UPDATED: DJ Rashad dies days after playing last show at Denver’s Club VinylBy Reverb Staff | April 28th, 2014 | No Comments »
By Don Babwin and Ru Johnson
UPDATE MAY 1: Though it was previously reported that DJ Rashad died of an apparent drug overdose, the family’s coroner says that the cause of death was a blood clot in the artist’s leg.
CHICAGO (AP) — Rashad Harden, a house music and footwork pioneer who performed as DJ Rashad, was found dead this weekend of an apparent drug overdose, authorities said Sunday. He was 34.
Chicago Police spokeswoman Janel Sedevic said a friend found Harden’s body Saturday afternoon in an apartment on the city’s West Side. There was no sign of injury but narcotics and drug paraphernalia were found near his body, she said. An autopsy was conducted Sunday but the Cook County Medical Examiner’s Office said it is waiting for the results of toxicology tests to determine a cause of death.

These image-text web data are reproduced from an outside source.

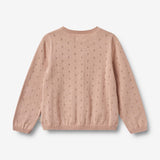 Wheat Main Knit Cardigan Maia Knitted Tops 1157 moonlight rose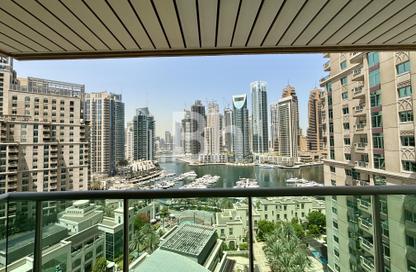 Apartment - 2 Bedrooms - 3 Bathrooms for rent in Murjan Tower - Dubai Marina Towers - Dubai Marina - Dubai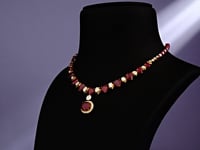 Marya Polki And Diamond Necklace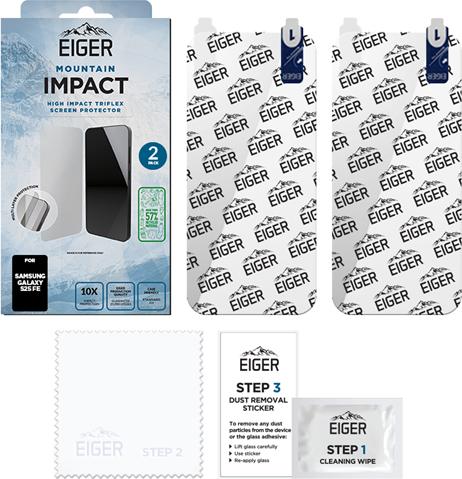 Actual product image Eiger Mountain Impact (2 pcs., Samsung Galaxy S25 FE)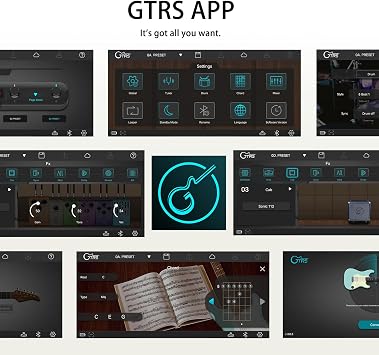 GTRS S900 ELectric Guitar and GWF4 Footswitch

Days before his death the musician played his last show at Denver’s Club Vinyl on April 24.
“He put on an awesome show on Thursday night at Vinyl,” said Colorado promoter and talent buyer Jonny Shuman, who brought DJ Rashad to Vinyl. “It was an honor to have brought him out to Denver. He was a pioneer who really pushed the Chicago house music sound into something special with the footwork and juke tunes he was at the forefront of. He was just starting to get that sound heard all over the world. It’s so sad that he’s gone.”

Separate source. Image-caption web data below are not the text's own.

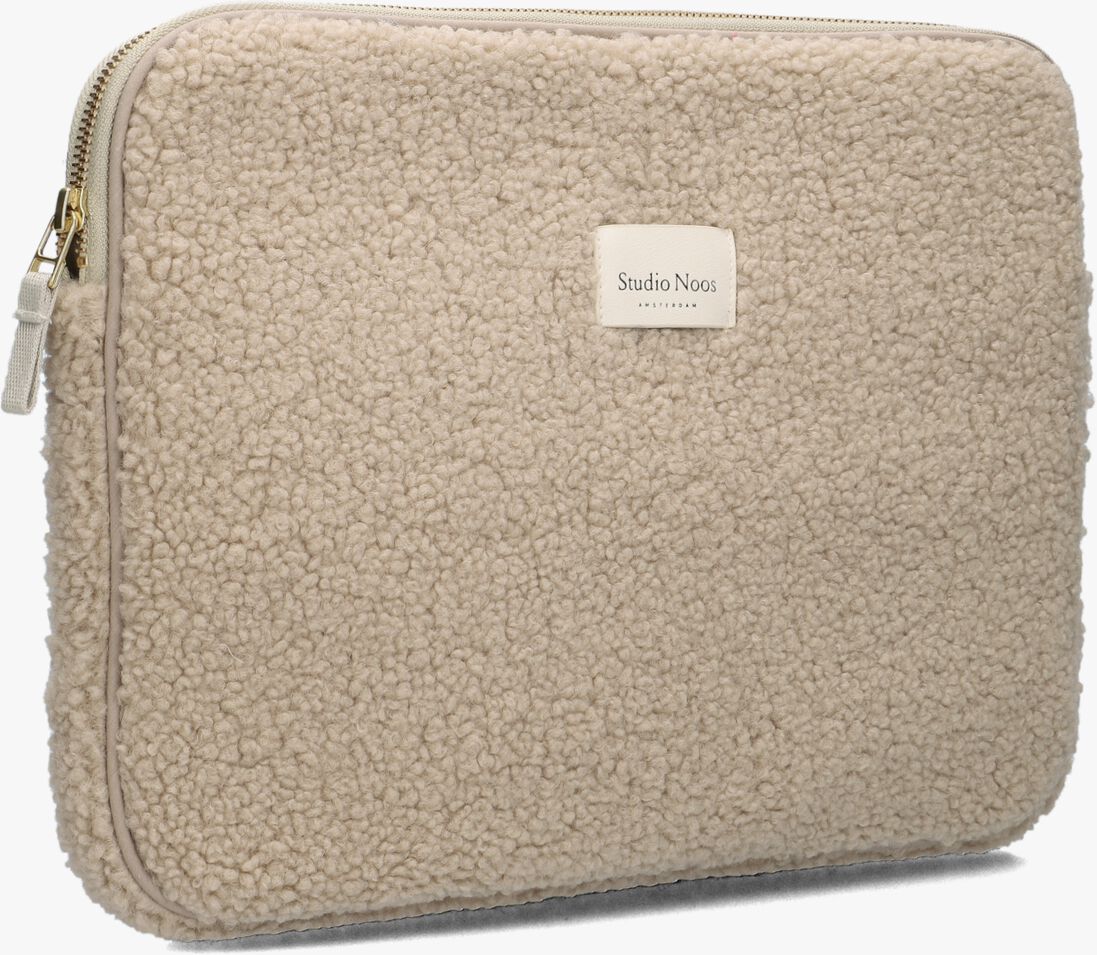STUDIO NOOS beige studio noos laptoptas teddy laptop sleeve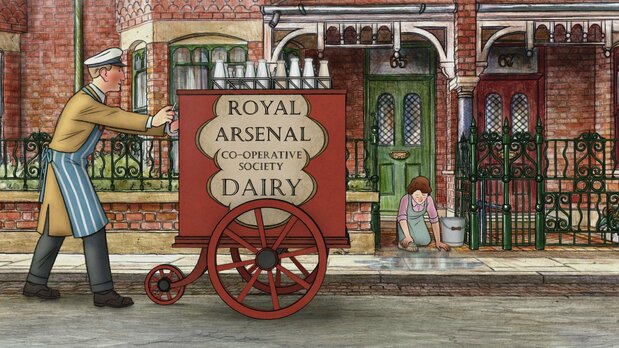 © Ethel & Ernest Productions Limited, Melusine Productions S.A., The British Film Institute and Ffilm Cymru Wales CBC 2016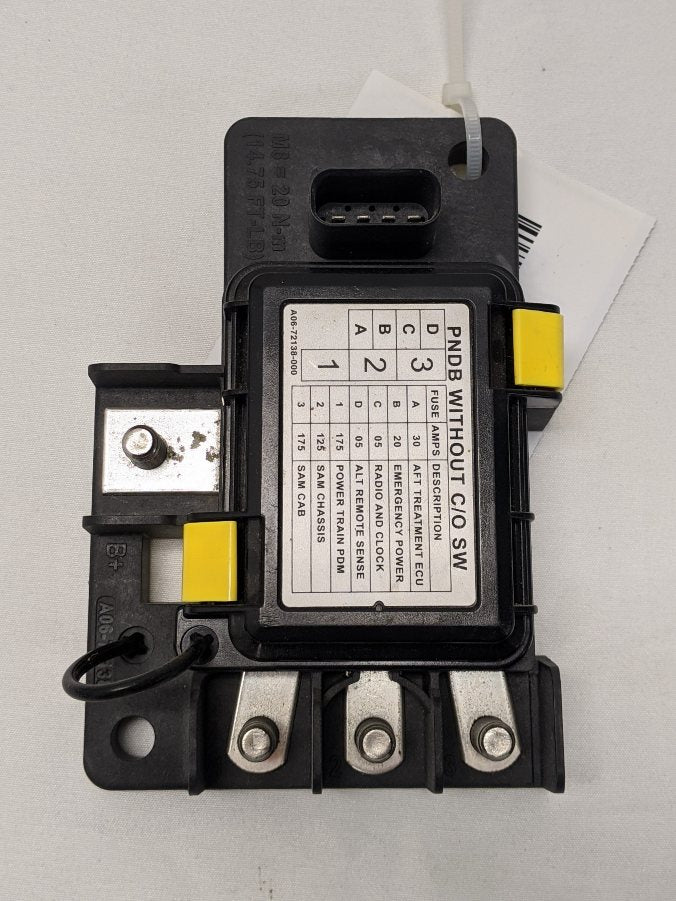 Freightliner PNDB No Cutoff Switch | P/N A06-72138-000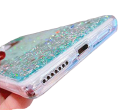 Funda de silicona con purpurina para Samsung Galaxy A04 2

Harden, a resident of Calumet City, was poised for a breakout year, according to the Chicago Sun-Times. His fifth album received his best reviews, he was scheduled to play clubs all over the world and his latest EP, “We On 1,” was scheduled to be released Monday.
“It’s just a tragic loss of a great musical genius,” said longtime friend and collaborator Morris Harper, who performs as DJ Spinn and who was scheduled to appear with Rashad in Detroit on Saturday night.
Rashad was considered a pioneer of footwork — an electronic-oriented music genre that originated in Chicago. Once known as juke, footwork is named for its quick dance moves and is known for what Rolling Stone calls a “frenzied and hypnotic style of dance music that features heart-racing BPMs and, often, chopped-up loops of popular rap, R&B and pop vocals.”
The Sun-Times reported Rashad’s fifth LP, “Double Cup,” which came out last year, is credited with attracting a wider audience to footwork music.
“He shared his music with everyone that would listen,” Harden’s father, Anthony Harden, told the Sun-Times. “He’s been all over the world, taking footwork all over the world.”